ViewSonic VP930 LCD Monitor: The New Champion?

Overshoot

The 191b used an Overdrive with a duration of less than one video frame. The 930 does even better than that - the overshoot was invisible on the oscilloscope. That's excellent performance.

In Practice

Quite obviously, office applications are a joy to use on this monitor. With all the adjustments for tilt, height, and rotation, and the presence of a pivot mode, you can work on documents under optimal conditions. You will need to lower the brightness a little to avoid eye fatigue, though. With its great color fidelity, the monitor will also make digital photography buffs very happy.

The 930 was perfectly at ease with video games, but it's not the fastest monitor available. Other, less accurate ones offer even lower latency. And we were able to detect a slight reddish track behind the mouse cursor when moving it laterally from left to right on a blue background. Also, a few "shear" effects like those we'd observed with the VX924 were also discernable here, but fortunately that effect has been greatly reduced on the 930.

Video Games

We rate the suitability of an LCD monitor for gaming using a five-point system. To do it, we test the panels with different types of games - first person shooters, real-time strategy games, role-playing games, etc. The panel's reactivity is obviously the first thing we look at, but color quality is also important where certain titles are concerned.

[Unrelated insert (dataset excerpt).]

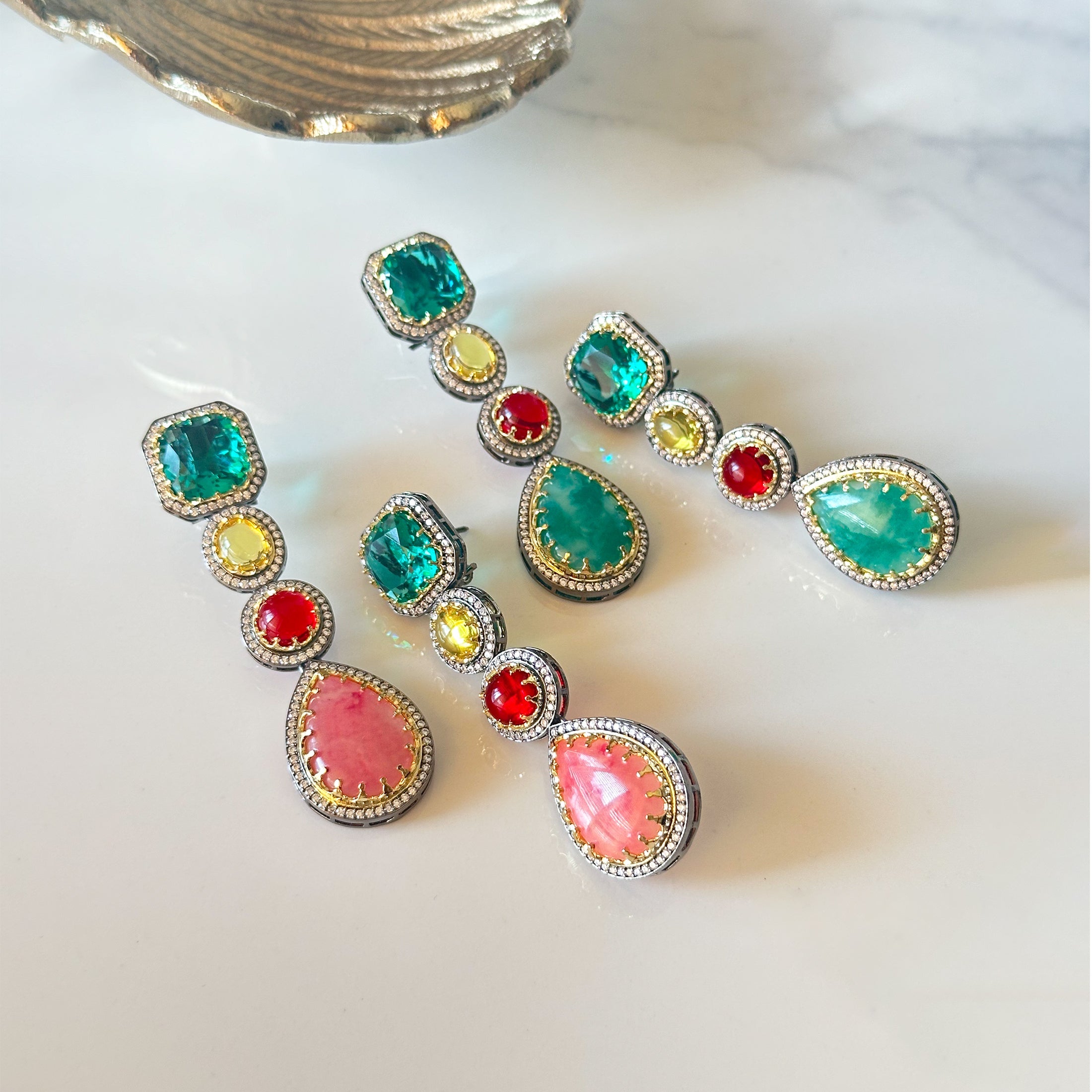 Vamika Multicolor Crystal Earrings - The Pashm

For screening movies, the VP930 did fairly well, but any difference between it and the VP191b was far from obvious. We did notice fairly little video noise - less than what you see on a TN panel, no doubt about that. The viewing angles were perfect; LCD manufacturers have made impressive progress in this area.

Movies

Here again we rate on a five-point scale. Latency is one criterion, and we also evaluate the amount of noise the monitor injects into movies. Good viewing angles are also crucial for multimedia applications.